-------- DATASET RECORDS --------

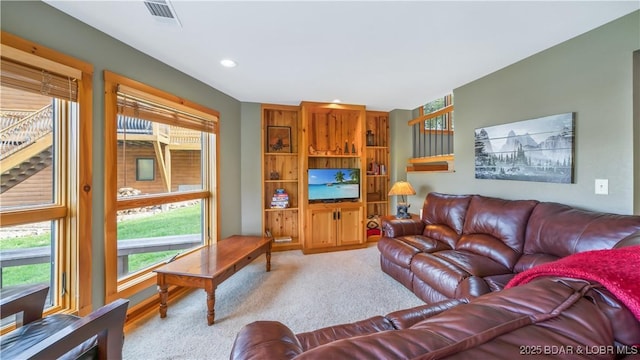 carpeted living room featuring recessed lighting and visible vents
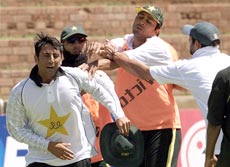 Younis Khan (L) and Inzamam ul Haq (2nd R) are separated by Saeed Anwar (2ndL) and an unidentified teammate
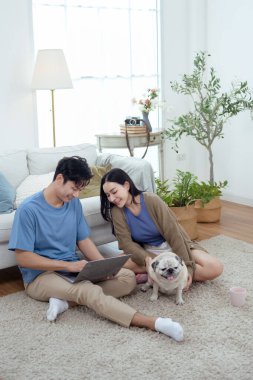 Genç bir çift, köpekleriyle bir kanepede rahatlar. Parlak bir yaşam alanında keyifli anlar paylaşırlar..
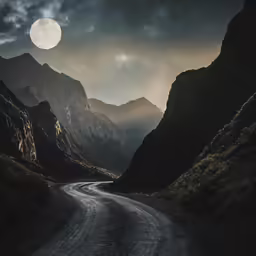a mountain road with an almost full moon and some mountains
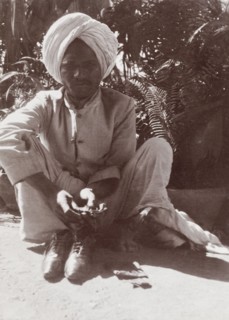 Indian man in Karachi. An Indian man squats on a street in Karachi, barefoot with his shoes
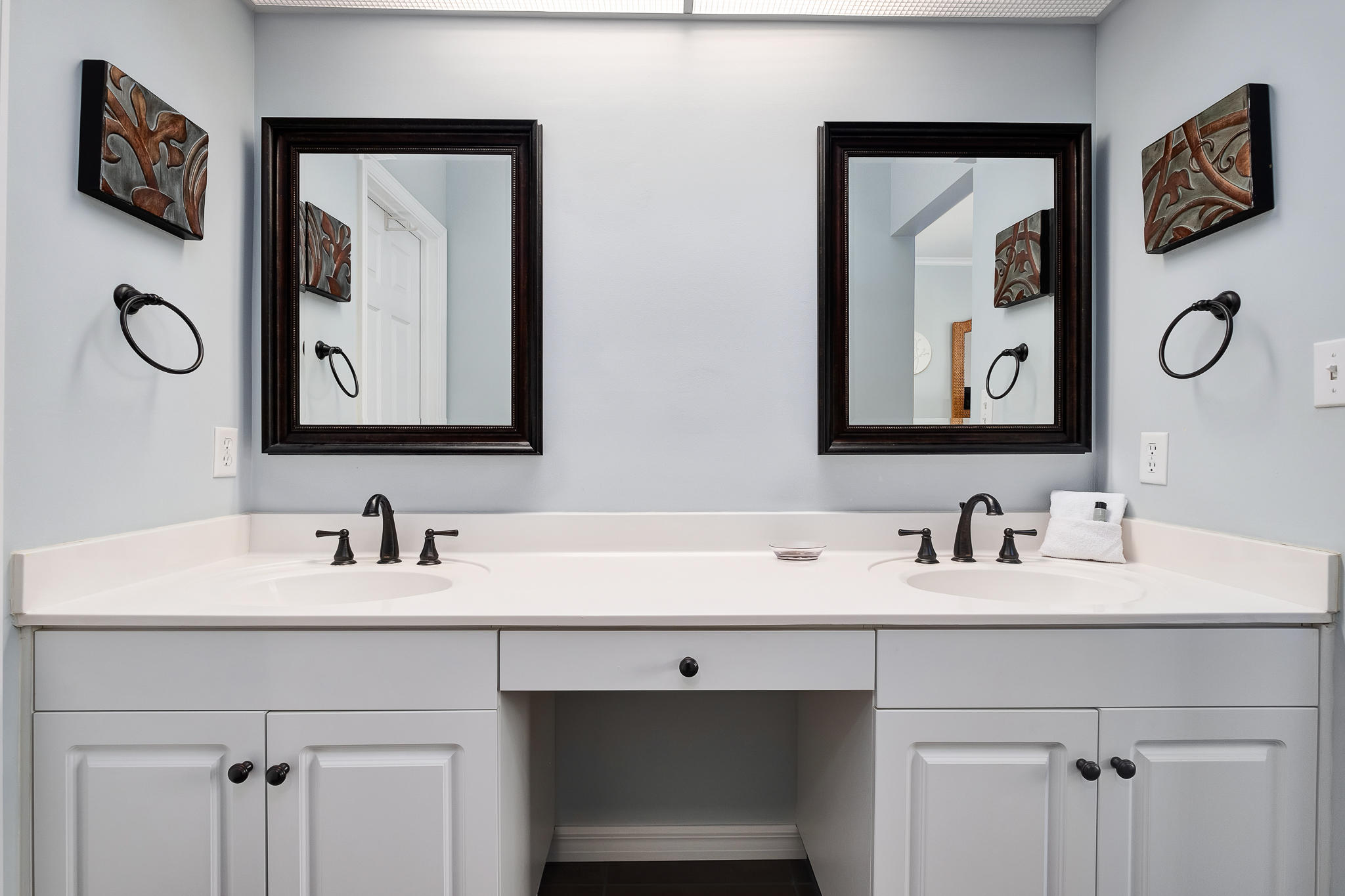 10254 East County Highway, Unit 312 Inlet Beach, FL 32461 - Photo 23 of 36 a bathroom with a sink and a mirror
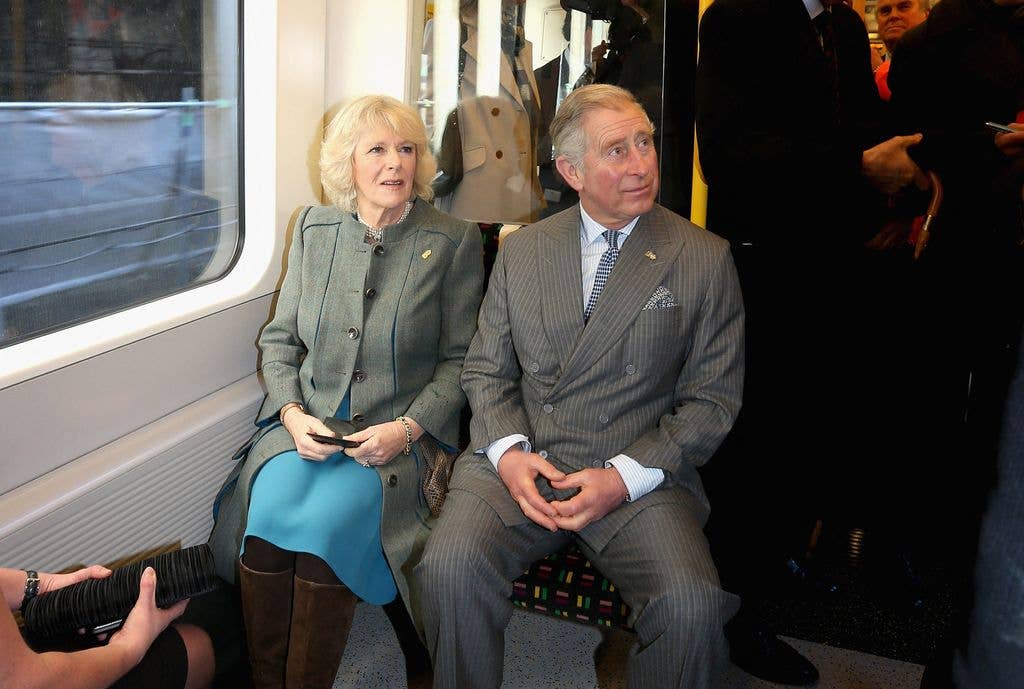 Charles, Prince of Wales, and Camilla, seated on a train, dressed formally.
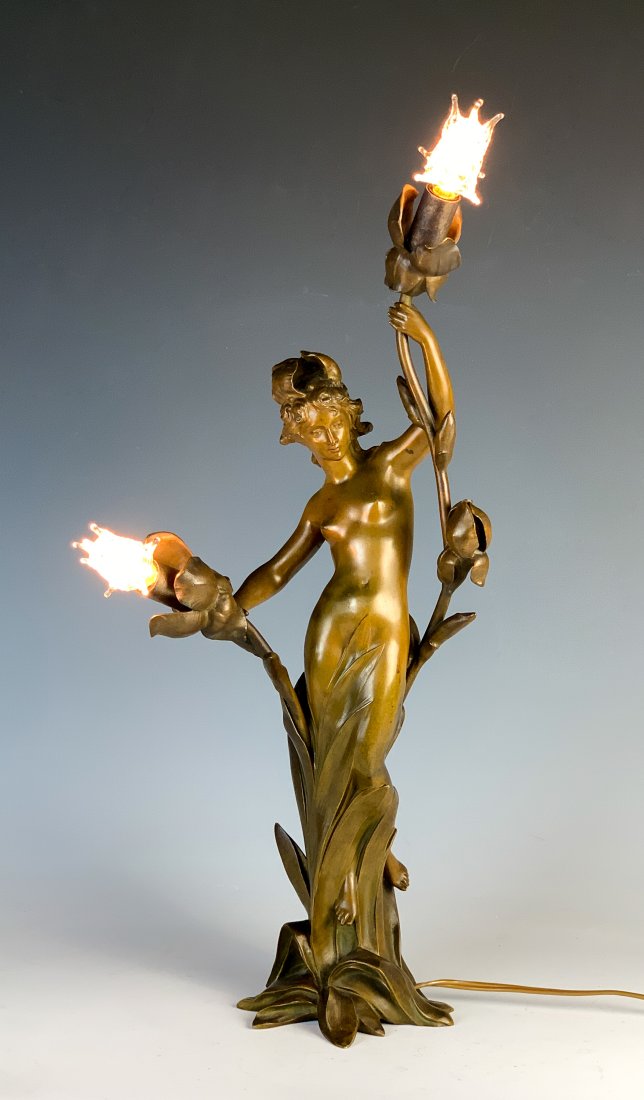 Jean-Baptiste Germain (1841-1910) Bronze Nude Lamp: Circa 1900. A beautiful bronze Art Nouveau nude lady lamp. Depicting a nude lady in a brown patina amongst flowers and vegetation. Lights protude from the flowers. Signed by the sculptor. Size: 20" ta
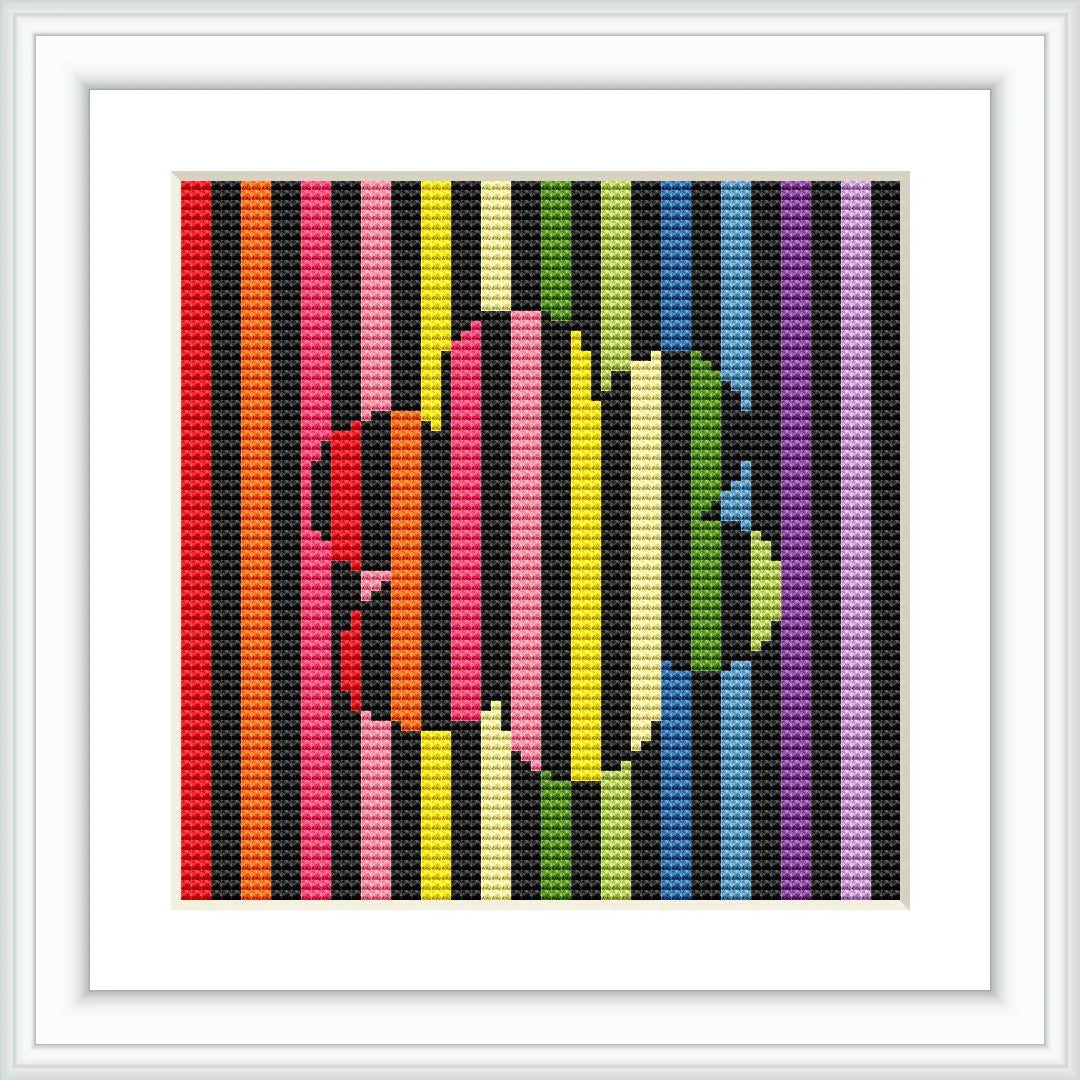 A digital image depicting a cross stitch pattern with multicolored vertical stripes as the background and a stylized flower silhouette overlaid in the center. The pattern is framed within a square, simulated white frame on a white wall.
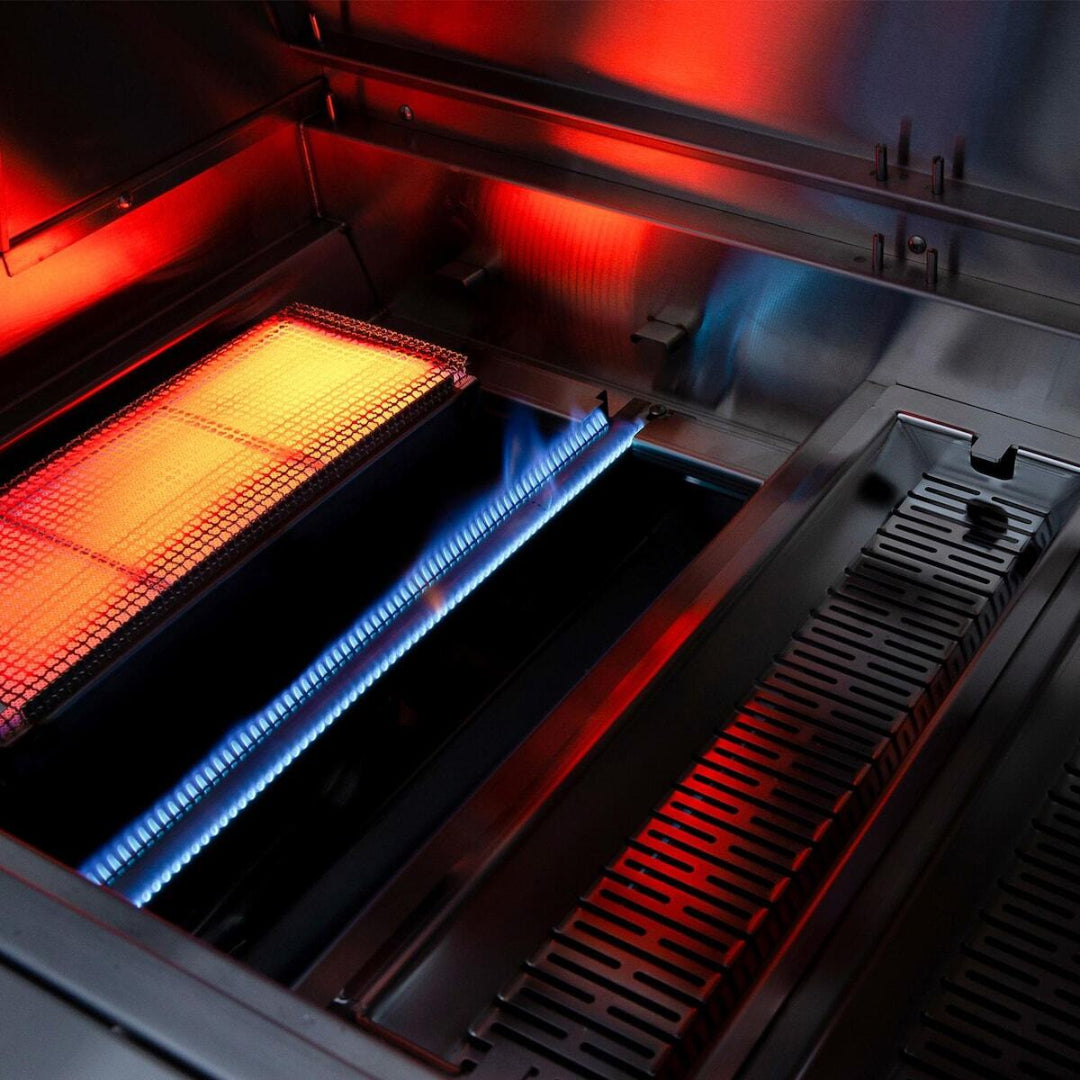 Close-up of interior infrared burner igniting inside American Made Grills Encore 54-inch hybrid grill with red and blue flame detail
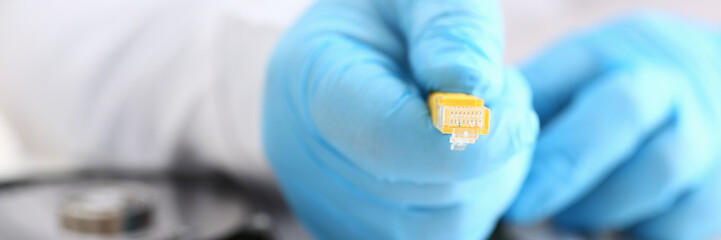 male hand in blue protective gloves holds a network connector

--------

# EXERCISE REQUIREMENTS:
For this exercise, return exactly the lines above from the line with "a mountain road" through the line with "Jean-Baptiste Germain (1841-1910)", both included. Do not copy the pictures.

# ANSWER BELOW:
a mountain road with an almost full moon and some mountains
 Indian man in Karachi. An Indian man squats on a street in Karachi, barefoot with his shoes
 10254 East County Highway, Unit 312 Inlet Beach, FL 32461 - Photo 23 of 36 a bathroom with a sink and a mirror
 Charles, Prince of Wales, and Camilla, seated on a train, dressed formally.
 Jean-Baptiste Germain (1841-1910) Bronze Nude Lamp: Circa 1900. A beautiful bronze Art Nouveau nude lady lamp. Depicting a nude lady in a brown patina amongst flowers and vegetation. Lights protude from the flowers. Signed by the sculptor. Size: 20" ta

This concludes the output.